* _MATERIAL FOR THIS TASK_:
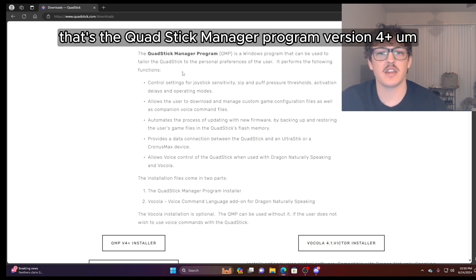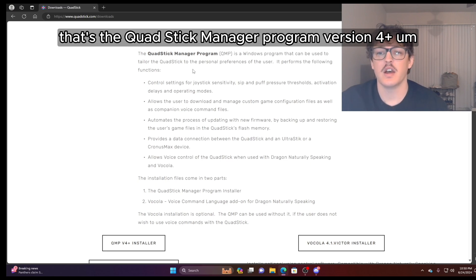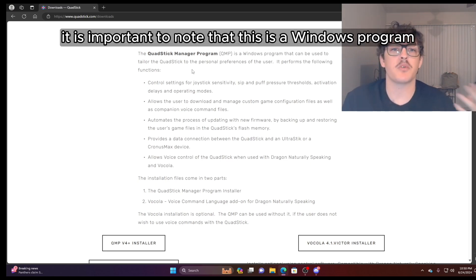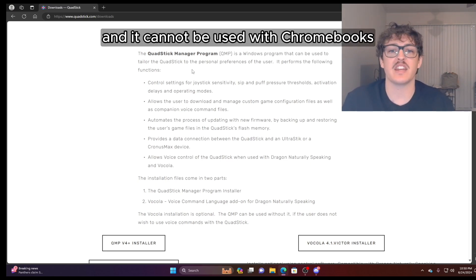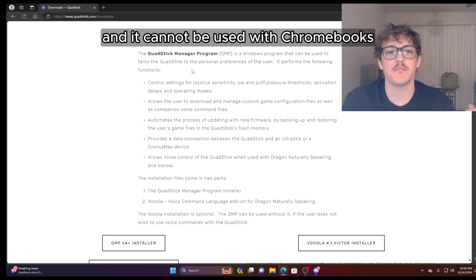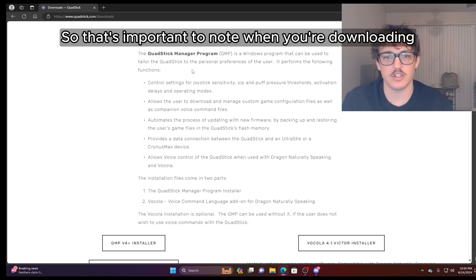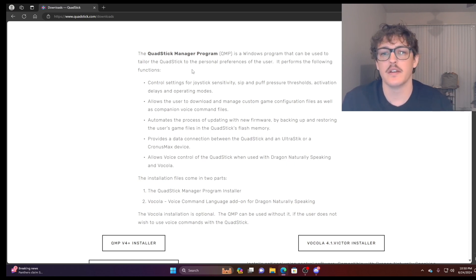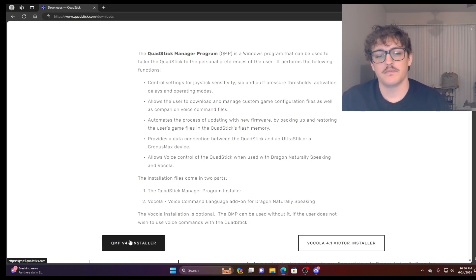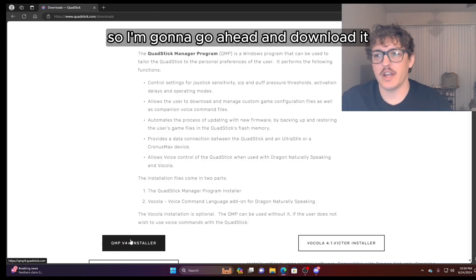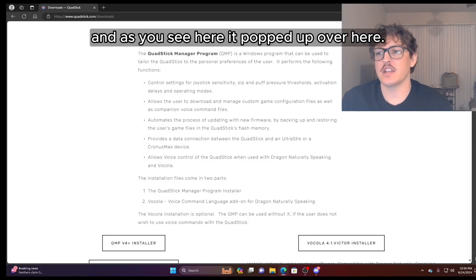It is important to note that this is a Windows program and it cannot be used with Chromebooks, MacBooks, and it strictly works on Windows machines. So that's important to note when you're downloading the software. So I'm going to go ahead and download it.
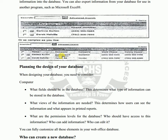Now we are planning the design of a database. If we want to create a database, we will plan it first. When you are designing your database, you need to be clear about what fields should be in it — which fields we are creating. This must be decided in advance. This determines what type of information can be stored in a database.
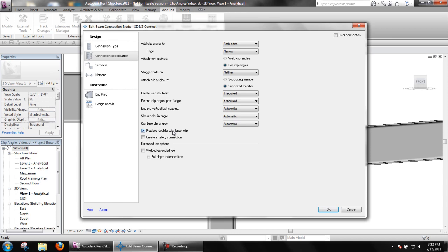Replace Doublers with larger clip will look in the angles list and setup for a suitable angle size to use instead of web doubler plates if they are required.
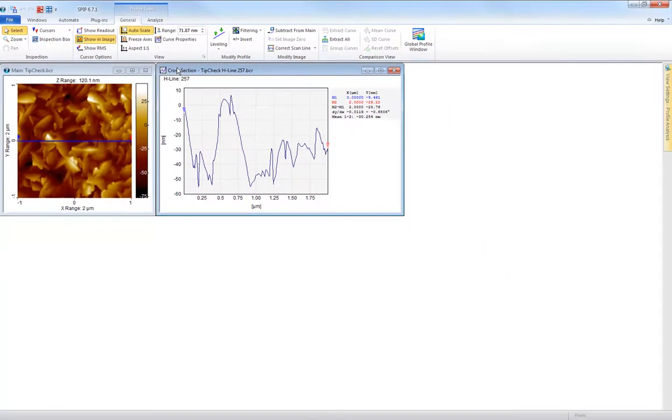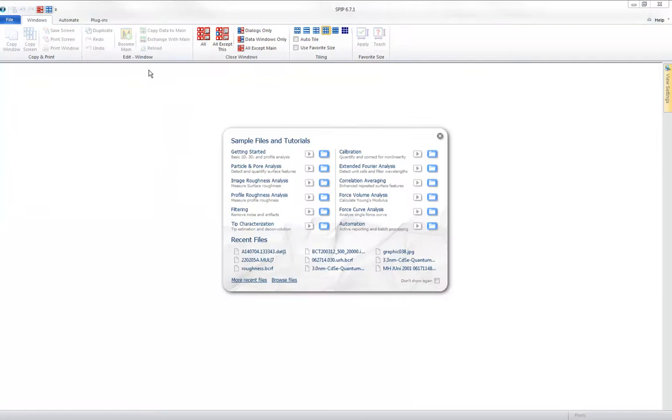When all windows are closed, only three generic tabs are left.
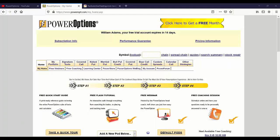Alberto asks: 'Mike, I'm fairly new to the world of options. I would like to understand how to use Power Options to create a portfolio of stocks to use for covered calls, sell puts, and married puts.'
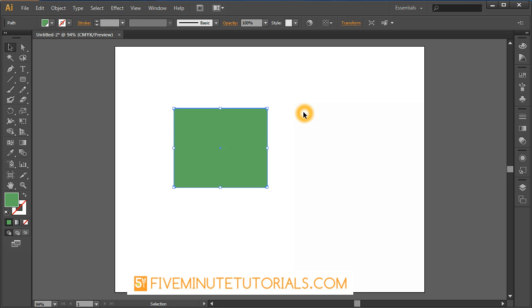Welcome to 5-MinuteTutorials.com. This tutorial is being recorded in Adobe Illustrator CS6. We're going to talk about one of the extensions available called Cooler.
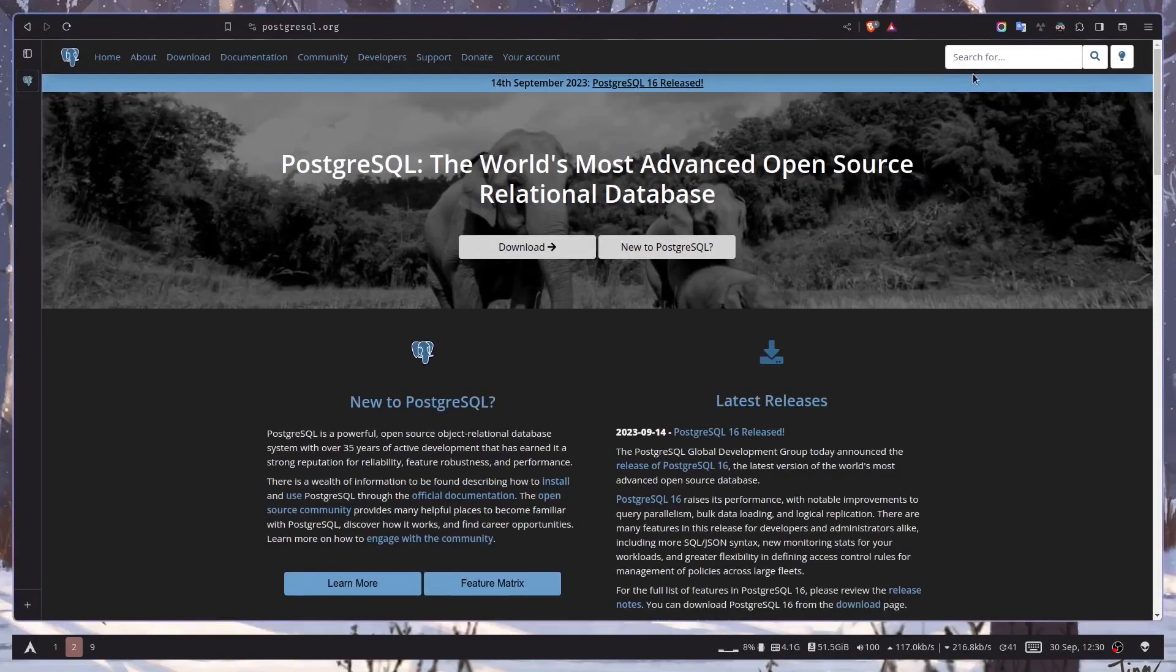What's up guys, how's it going? Today's video I'm going to show you how you can install Postgres on any Arch-based Linux distribution.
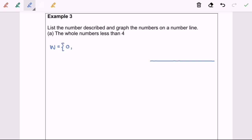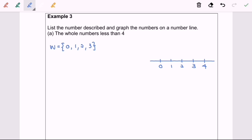Whole numbers less than 4: we start with 0, then 1, 2, 3. Four is not included because the question says less than 4. Now we graph the numbers on the number line, naming them 0, 1, 2, and 3. In set notation, W = {0, 1, 2, 3}. We mark each with a circle on the number line. That is the example for part A.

* _THE PROBLEM_: Repeat the records above verbatim, dropping the pictures.

* _SOLUTION BELOW_:
It is important to note that this is a Windows program and it cannot be used with Chromebooks, MacBooks, and it strictly works on Windows machines. So that's important to note when you're downloading the software. So I'm going to go ahead and download it.
Now we are planning the design of a database. If we want to create a database, we will plan it first. When you are designing your database, you need to be clear about what fields should be in it — which fields we are creating. This must be decided in advance. This determines what type of information can be stored in a database.
Replace Doublers with larger clip will look in the angles list and setup for a suitable angle size to use instead of web doubler plates if they are required.
When all windows are closed, only three generic tabs are left.
Alberto asks: 'Mike, I'm fairly new to the world of options. I would like to understand how to use Power Options to create a portfolio of stocks to use for covered calls, sell puts, and married puts.'
Welcome to 5-MinuteTutorials.com. This tutorial is being recorded in Adobe Illustrator CS6. We're going to talk about one of the extensions available called Cooler.
What's up guys, how's it going? Today's video I'm going to show you how you can install Postgres on any Arch-based Linux distribution.
Whole numbers less than 4: we start with 0, then 1, 2, 3. Four is not included because the question says less than 4. Now we graph the numbers on the number line, naming them 0, 1, 2, and 3. In set notation, W = {0, 1, 2, 3}. We mark each with a circle on the number line. That is the example for part A.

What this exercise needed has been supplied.